Met with protests, Jeff Sessions tells students it's "time" to accept results of Russia probe
Former Attorney General Jeff Sessions on Wednesday said it is time to move past special counsel Robert Mueller's Russia investigation and "get on with the business of America." Sessions urged confidence in the system during a lecture at Amherst College, a private liberal arts school in western Massachusetts.
"The process was followed and a decision has now been rendered. I think it deserves respect," he said. "I think it's about time to accept the results and let's get on with the business of America."
President Donald Trump's former attorney general said that Mueller's investigation into Russian interference in U.S. elections was "carried out vigorously and with integrity."
"We have the greatest legal process in the world and the investigation was done in an honorable way," Sessions added.
He said Congress does have oversight power but he believes it is time to accept that Mueller declined to recommend criminal charges against the president. Some Democrats have called for impeachment proceedings against Trump in light of the report that left open whether the president broke the law.

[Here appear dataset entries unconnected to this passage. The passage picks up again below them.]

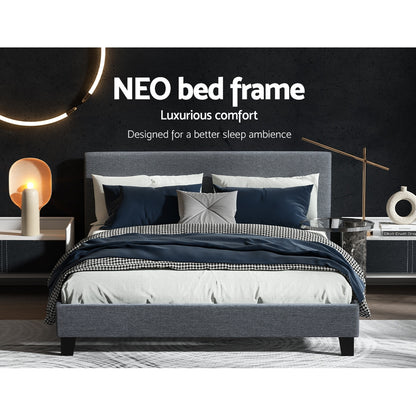 Artiss Neo Bed Frame Fabric - Grey Queen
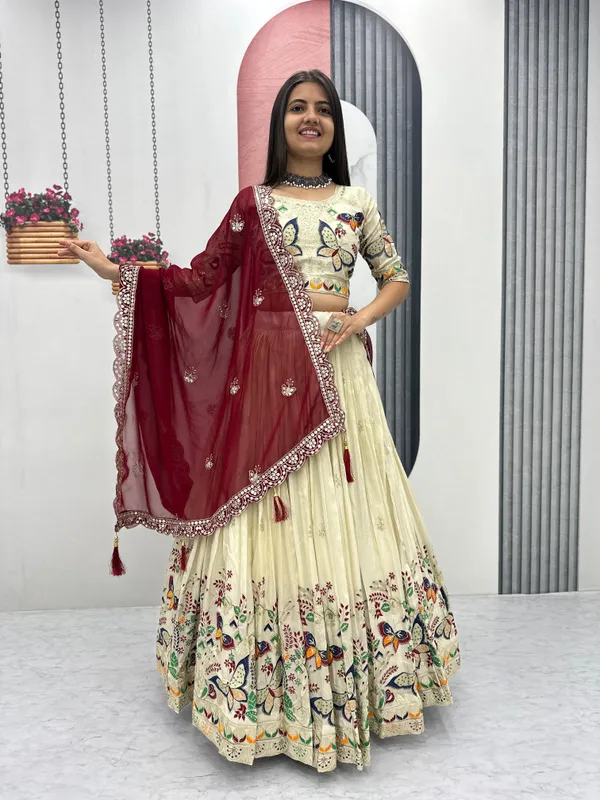 Beige_Silk_Faux-Fur_Lehenga_Choli_For_Women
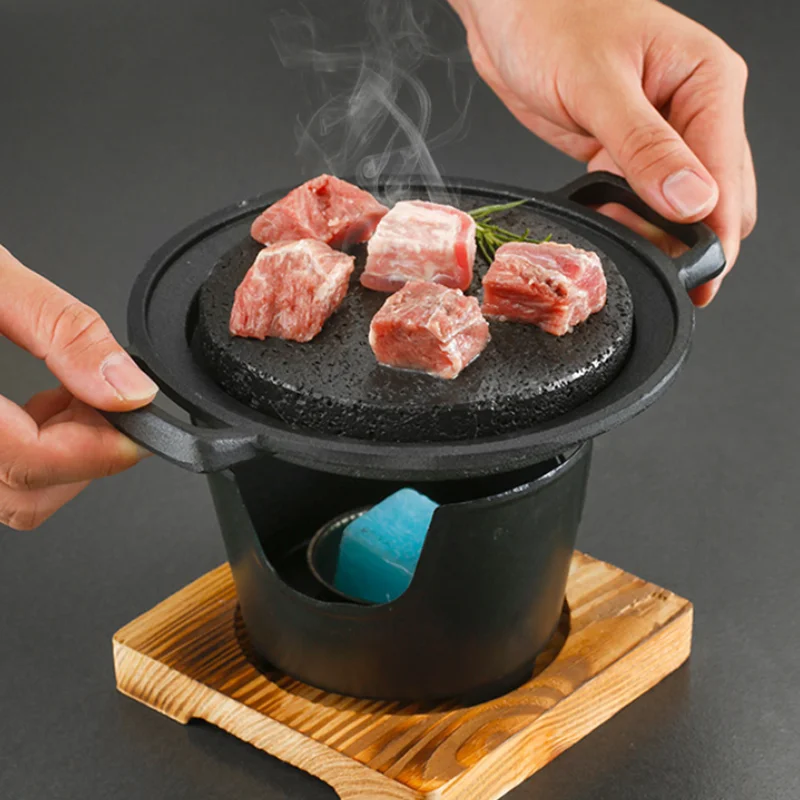 Lava Cooking Stone with Alcohol Stove Set Japanese Steak Hot Stones Indoor Grill Sizzling Hot Steak Stone Cooking Rock Set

The event in a campus chapel was hosted by Amherst College Republicans, and it was interrupted numerous times by demonstrators who stood up in the front rows and walked out soon after Sessions began speaking.
According to a student attending the event, the walkout was highly publicized throughout flyers on campus and on Facebook, and the students planned to do it five minutes into Sessions' speech. It was a silent walkout, and a vast majority of the spectators left. The Johnson Chapel, which seats over 500, was left almost completely empty as a result.
Those who walked out were heard chanting and marching long after their exit because of the acoustics of the building.
Members of Amherst's student-led group, Direct Action Coordinating Committee (DACC), which aims to promote student rights and social justice on campus, shouted at the attorney general, claiming Sessions waged "war on marginalized people." Their chants included "No justice, no peace, no racist police!"
Outside, the demonstrations didn't stop. Students gathered holding signs, including one that read: "Jeff Sessions is a crime against humanity."
Sessions said the protest was not nearly as disruptive as one he faced last week at a university in Minnesota.
Campus free speech was a theme of his talk, and the former U.S. senator from Alabama said the disrespect he faced as a young Republican at Huntingdon College in Alabama pales in comparison to what young conservatives face at colleges today.
"My impression is college Republicans nationwide are having a harder time today, facing more hostility, even bullying," he said, prompting laughter from some students.
One student asked Sessions afterward if he was contributing to polarization by suggesting in his remarks that the faculty at Amherst is overwhelmingly liberal. In response, Sessions said, ""It's hard to polarize a college that's pretty one-sided."
Sessions said he also stood by his decision to recuse himself from the Russia investigation. As somebody who had been involved in the Trump campaign and was a potential witness in the investigation, he said it did not make sense for him to remain in authority over the investigation.
"I have the greatest confidence in the integrity of our system," he said.